According to a local legend, the name of the village is a derivation of Vishravas, father of Ravana, who was a famous sage of the ancient times who lived and worshipped Lord Shiva in this village. Ravana who was born in this village had spent his early childhood here. Vishravas had found a linga in the forest area and had established the Bisrakh Dhaam (abode of God) with the linga deified therein where he offered worship.[1][2]

According to mythology, Vishravas, a Brahmin, had wedded Kaikesi, a rakshasa princess; Ravana thus had a mix of Brahmin and rakshasa (demon) blood. Vishravas's elder son by his first wife was Kubera, now worshipped as a god of wealth, who ruled Lanka until Ravana became the king himself.[1]

According to local belief celebrations of Ramalila in Bisrakh would invite the wrath of Ravana. Instead, fire sacrifices or Yajnas are held during Navratra festival to the Shiva linga praying homage to Ravana.[8]


Several temples exist in the village that are over 1,000 years old,[9] the Swayambhu (self manifest) Shiva linga, which was worshiped by Ravana and his father Vishravas, was unearthed more than 100 years ago. It is octagonal in shape, the linga is visible above the surface for 2.5 feet (0.76 m) height and a further 8 feet (2.4 m) length is said to extend below the ground. It is deified in a temple here and worshipped daily, the temple is set near a large banyan tree and has a courtyard laid with marble.[1][8][9]

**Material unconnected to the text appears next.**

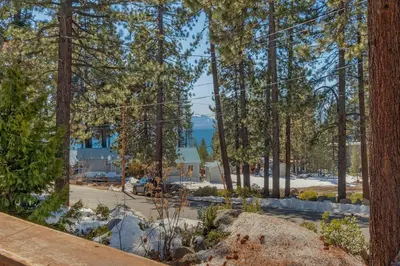 a view of the beach through the trees at Moon Dune Chalet by Tahoe Getaways - Remodeled 3 BR Cabin plus Loft w Fenced Yard & Walk to Beach or Dining in Tahoe Vista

A new temple dedicated to Ravana is under construction at a cost of Rs 2 crores, this temple will be deified with a 42 feet (13 m) Shiva Linga and a 5.5 feet (1.7 m) image of Ravana.[7]


According to 2011 Census, the village has a total population of 5,470 (24.31% consist of Scheduled Caste) population of 882 families; 2,921 are males and 2,549 females with an average sex ratio of 767 much less than the Uttar Pradesh state average of 902. Literacy rate is 77.58% which is higher than the state's figure of 68.01%.[10]


The economy of the village and the Bishrakh Block was mainly agriculture to the extent of 70% with the balance 30% related on non-agricultural activities of people such as teachers, administrative and police officials, politicians, carpenters, shopkeepers, barbers, and also agricultural labour, the village, compared to the rest of the Block, has non-farmer elitists, and elite farmers who own land area of 40 bighas or more, with the richest farmer owning 300 bighas. However, the economy is still considered "subsistence level." for the village as a whole.[11][12]